Pictures excluded, copy word for word the lines from the one holding "Frustrated employee working" through the last line below.

══ AVAILABLE DATA ══

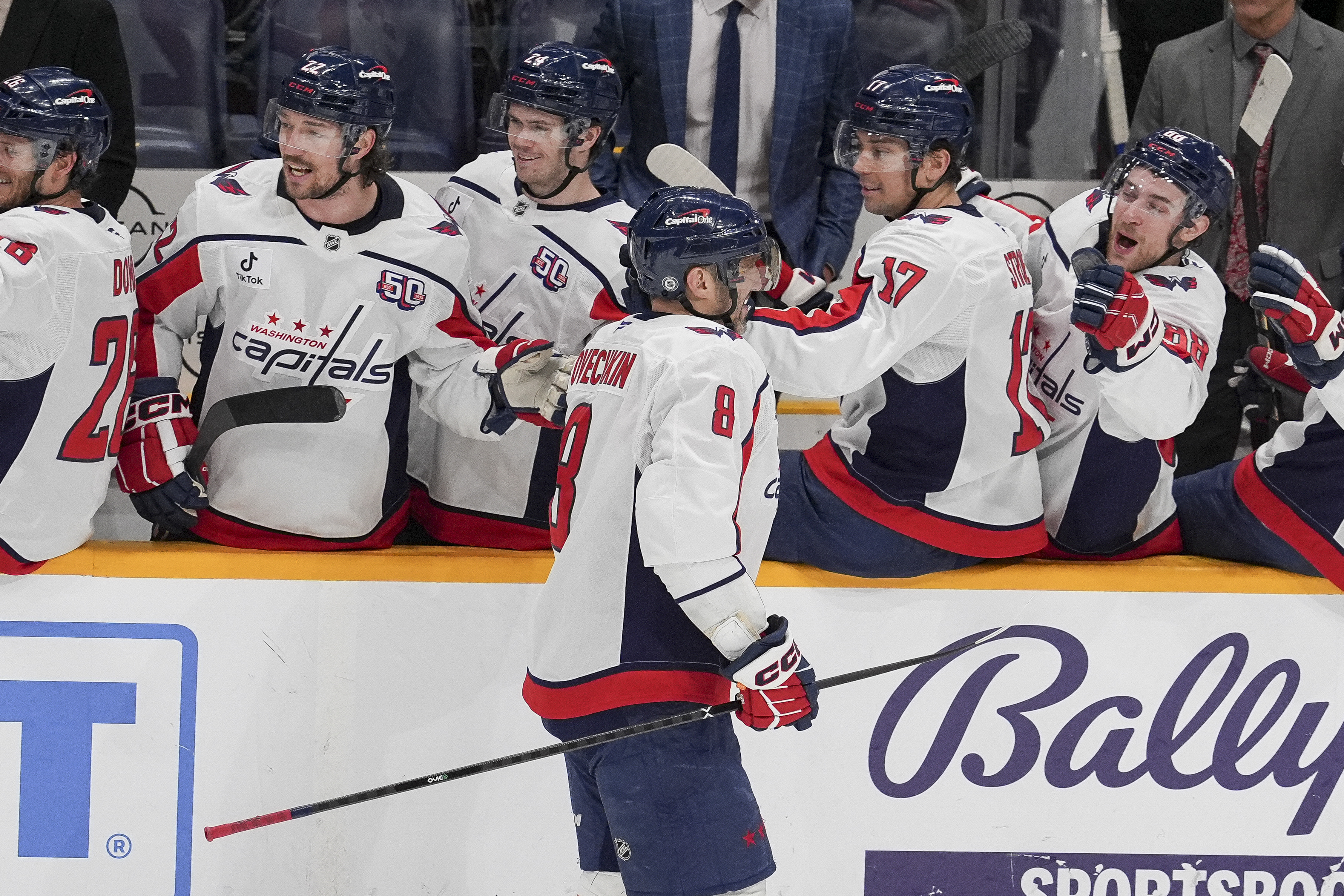 Washington Capitals left wing Alex Ovechkin (8) celebrates his empty net goal with teammates during the third period of an NHL hockey game against the Nashville Predators, Saturday, Jan. 11, 2025, in Nashville, Tenn. The Capitals won 4-1. 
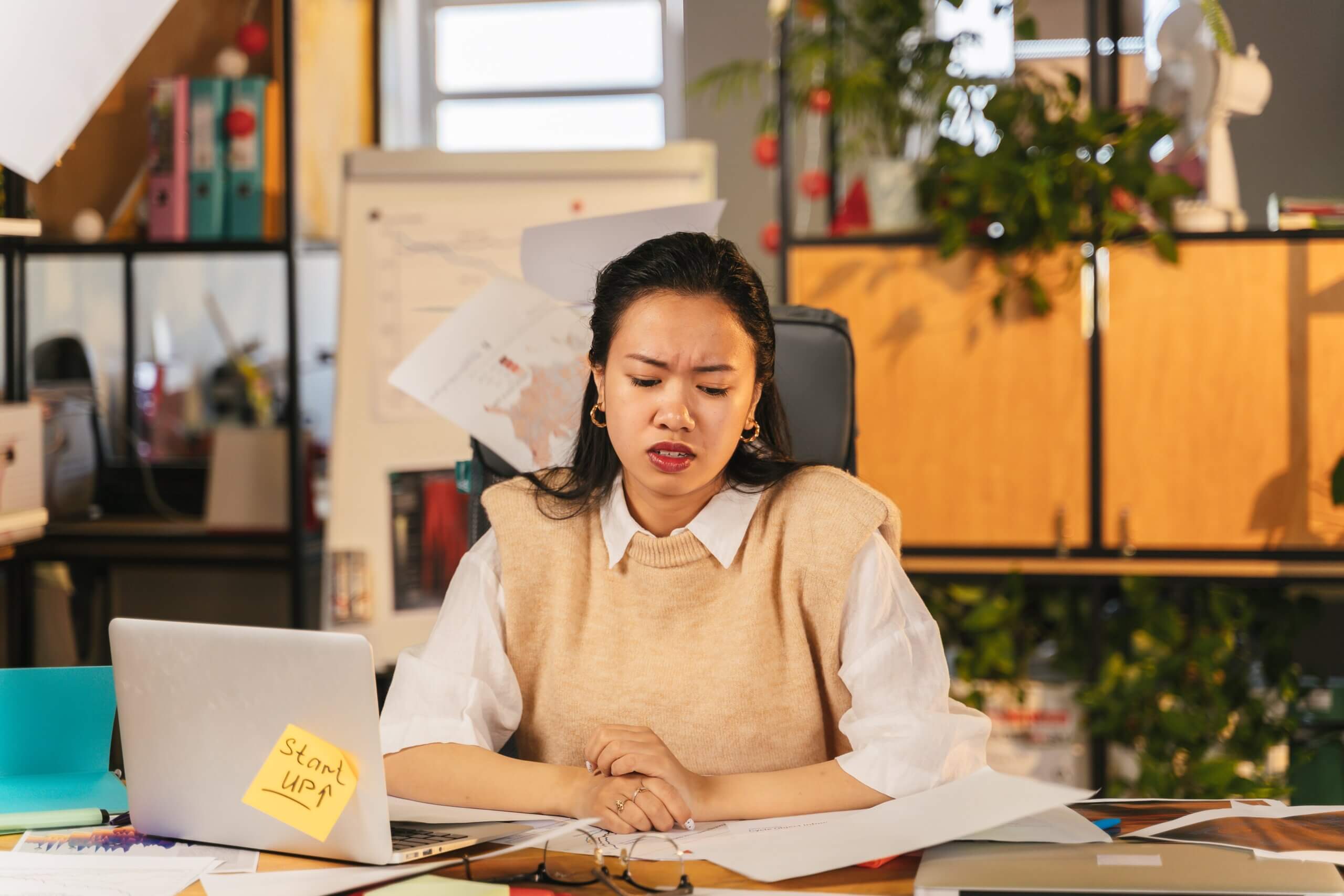 Frustrated employee working alone at her desk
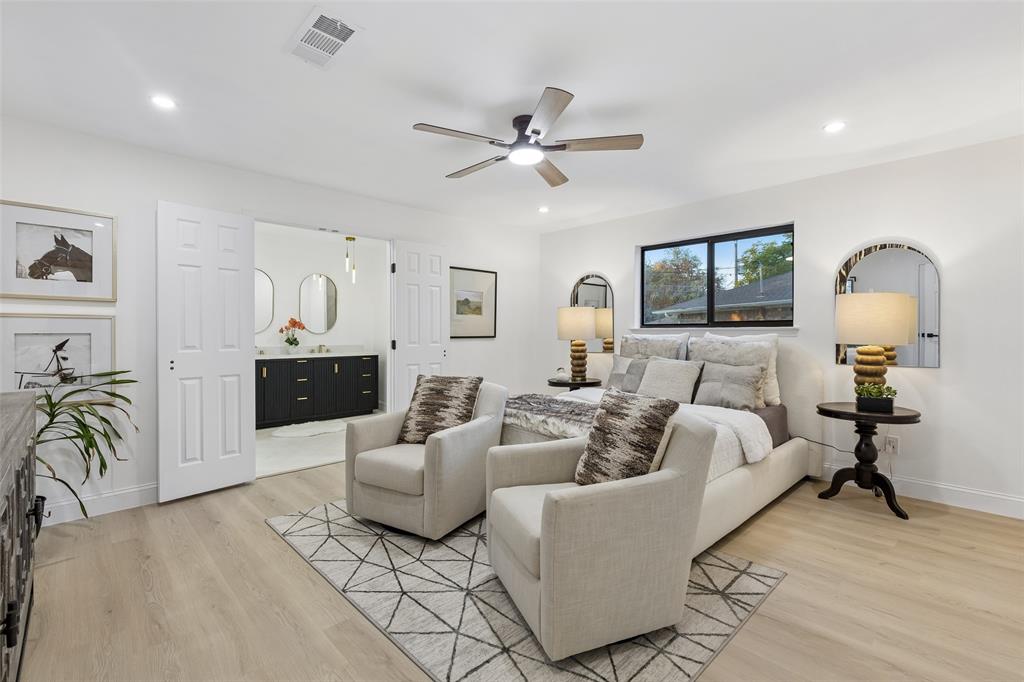 Spacious room featuring wood-finish flooring, recessed lighting, a ceiling fan, and a large window
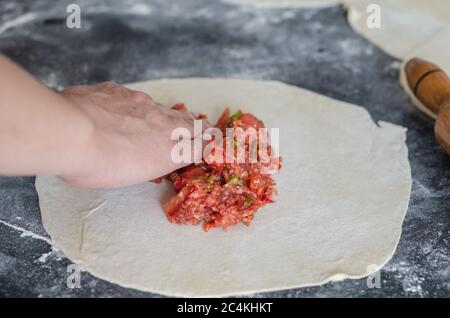 Una donna sta facendo una pizza turca tradizionale (lahmacun). Concetto di cucina casalinga, cottura a casa. Foto Stock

═══

→ **EXERCISE ANSWER**
 Frustrated employee working alone at her desk
 Spacious room featuring wood-finish flooring, recessed lighting, a ceiling fan, and a large window
 Una donna sta facendo una pizza turca tradizionale (lahmacun). Concetto di cucina casalinga, cottura a casa. Foto Stock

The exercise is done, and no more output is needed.